Aplicou-se nesse novo propósito. A princípio teve dificuldade em isolar os mundos habitados por esses outros seres que de vez em vez se misturavam ao nosso. Não via mais que um buraco negro, por onde corriam traços de luz azul, vermelha ou branca. Depois, pouco a pouco, como quem fixa uma imagem que treme, foi focando a irrealidade desses mundos, revelando-lhes a existência e fixando-lhes a realidade. Lá estavam as cortes dos anjos e dos demónios, os primeiros vivendo num sopro aéreo e os segundos numa flama ígnea. Apressou-se a observá-los; preferia agora explorar esses seres distintos que os simples, de carne e osso, que viviam no presente ou no passado. À medida que os foi estudando percebeu que todos eram entidades subtis, criaturas do mundo espiritual, que se diferenciavam pelo plano que habitavam, superior ou inferior, uns muito próximos da luz e outros muito distantes dela. Qualquer dessas criaturas não tinha forma definida, porque a todo o momento se transformava num novelo palpitante de metamorfoses, impossível de fixar numa forma distinta.
De qualquer modo, pelo hábito de examinar atentamente essas estranhas formas de vida, foi-lhe possível diferenciar todos eles e até identificar alguns em particular. Viu os querubins, que tinham por missão guardar o Paraíso com a espada de fogo, impedindo o homem de comer os frutos imortais da árvore da vida. Esses mesmos seres que Ezequiel outrora identificara com face de homem e corpo de leão. Distinguiu os serafins, emissários também da vontade divina, adornados de seis asas, e envolvidos por um bálsamo de resina que curava todas as dores. Mas além das grandes famílias, pôde ela encontrar alguns dos celestes intervenientes particulares na história do homem. Identificou o anjo Rafael que aparecera a Tobias sob a forma de homem e o levara a curar a cegueira de seu pai, Tobit, com o fel dum peixe.

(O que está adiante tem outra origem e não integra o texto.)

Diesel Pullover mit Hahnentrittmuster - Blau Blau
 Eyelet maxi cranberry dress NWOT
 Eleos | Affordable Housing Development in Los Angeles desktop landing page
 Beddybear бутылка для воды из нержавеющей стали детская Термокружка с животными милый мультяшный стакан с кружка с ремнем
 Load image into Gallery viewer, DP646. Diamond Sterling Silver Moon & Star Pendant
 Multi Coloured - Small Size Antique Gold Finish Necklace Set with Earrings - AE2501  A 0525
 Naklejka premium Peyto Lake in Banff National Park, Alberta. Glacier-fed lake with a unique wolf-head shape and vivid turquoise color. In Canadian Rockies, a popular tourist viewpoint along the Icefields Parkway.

Reconheceu Gabriel, o arcanjo que desceu junto do jovem Daniel, o adivinho de Nabucodonossor, para o ajudar a interpretar urna visão onírica. Do mesmo modo, não teve dificuldade em verificar os traços identificadores de vários dos espíritos inferiores. Viu Asmodeu, o demónio que matara os sete noivos de Sara, filha de Ragüel. Contemplou Azazel, que se alimentara no deserto dos antigos rituais de expiação. Diferenciou por fim Lilit, o demónio com seios de fêmea, que assombrara, nos tempos da saída do Paraíso, a vida dos primeiros homens, e que para sempre se infiltrara no sangue e na história do homem e da mulher».

In António Cândido Franco, Vida Ignorada de Leonor Teles, Edições Ésquilo, Lisboa, 2009, ISBN 978-989-8092-59-5.